A la fin du XIXe siècle, l'Education Nationale fait paraître des notes régularisant le carreau Seyès pour les cahiers français. La règlure Seyès devient un standard des papeteries, qu'on continue d'utiliser par habitude et parce qu'il est facile à trouver, depuis des générations.

Et voilà comment ce lignage a traversé les époques sans grandes modifications. Il reste un support intéressant pour accompagner les élèves dans les premiers gestes d'écriture et de repérage dans l'espace.

Les limites de la réglure Seyès

La réglure Seyès n'est pas sans défaut. Le principal étant qu'elle oblige à écrire petit, alors que lorsqu'un écolier découvre l'écriture, il aura tendance à écrire gros : il est difficile au départ de contrôler son geste et de respecter les interlignes.

Les enseignants d'aujourd'hui font preuve de plus de souplesse qu'à la fin du XIXe siècle : désormais beaucoup de CP ne commencent pas à écrire sur du Seyès, mais sur une version simplifiée avec moins de lignes, ou bien une version Seyès avec des interlignes plus larges (3/4 mm).

Ce qui est drôle dans cette histoire, c'est que les "pattes de mouche" que certains professeurs vous ont peut-être reprochées, seraient en partie liées à l'utilisation de la réglure Seyès.

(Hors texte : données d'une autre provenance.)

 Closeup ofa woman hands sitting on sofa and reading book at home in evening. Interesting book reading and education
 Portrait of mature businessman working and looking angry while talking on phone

Ce type de réglure peut aussi être un cauchemar pour les élèves qui ont des soucis de motricité fine ou de repérage dans l'espace, tellement il est fourni en (toutes petites) lignes. D'autres lignages gagnent du terrain depuis quelques années, comme les lignes de feu, terre, herbe, ciel ou le lignage Gurvan.

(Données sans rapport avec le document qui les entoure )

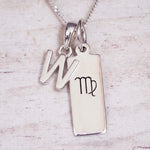 sterling silver initial w virgo zodiac star sign pendant necklace against a light wooden background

Enfin, même si les carreaux sont pratiques, ils ne le sont pas tant que ça en mathématiques puisqu'ils ne sont pas d'une taille "standard" correspondant à un cm ou 5 mm. Faire une construction géométrique sur du papier Seyès peut vous laisser les yeux aussi rougis qu'un lapin atteint de myxomatose.

La vidéo ci-dessous détaille les différentes limites de ce lignage et propose des solutions alternatives :

Une majorité d'adultes n'utilisent plus le lignage Seyès dans leur vie de tous les jours, et ne suivent plus les règles d'écriture apprises à l'école. On peut dès lors se demander si cette réglure traverse les générations pour son côté pratique, ou parce qu'elle est culturellement intégrée au patrimoine français... probablement un peu des deux !

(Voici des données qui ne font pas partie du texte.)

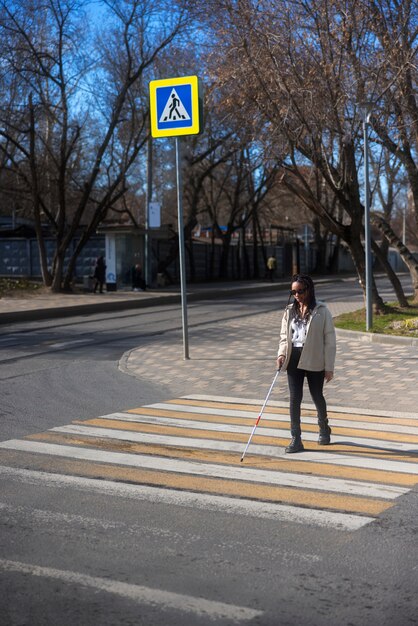 Full shot blind woman on crosswalk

Comment ça se passe ailleurs ?

Dans certains pays, la question ne se pose même pas : le manque de moyens ne permet pas d'avoir des cahiers avec des réglures et l'écriture se fait sur des ardoises ou des papiers libres.

Les réglures majoritairement utilisées dans un pays sont souvent liées à un autre débat, à savoir : doit-on apprendre l'écriture cursive avant de passer à l'écriture scripte, ou faut-il apprendre directement l'écriture scripte ? L'Angleterre, les Etats-Unis, ou encore la Finlande sont des exemples de pays qui ont tranché : les élèves n'apprennent plus l'écriture cursive.

Dans un très grand nombre de pays, dont les 3 cités ci-dessus, les écoliers utilisent majoritairement le lignage college ruled, avec de simples lignes espacées de 7 ou 8 mm. On retrouve tout de même la marge rouge, appelée French ruled par les anglo-saxons.

Il existe aussi des réglures intermédiaires entre le Seyès et le college ruled. Par exemple, en Allemagne, les élèves apprennent à écrire dans des sortes de bandes blanches à 3 interlignes, qui évoluent peu à peu vers une écriture en lignes, comme l'explique la vidéo ci-dessous :

Enfin, les réglures sont évidemment liées à l'alphabet et au sens d'écriture utilisés dans certains pays. Le Genkō yōshi (papier manuscrit) est par exemple utilisé par les Japonais. C'est une feuille présentant 200 à 400 carreaux servant à écrire des caractères ou des signes de ponctuation.
On imagine aussi que la marge qui est à gauche dans les pays occidentaux, n'est pas forcément la plus adaptée dans les pays où les écoliers écrivent de droite à gauche.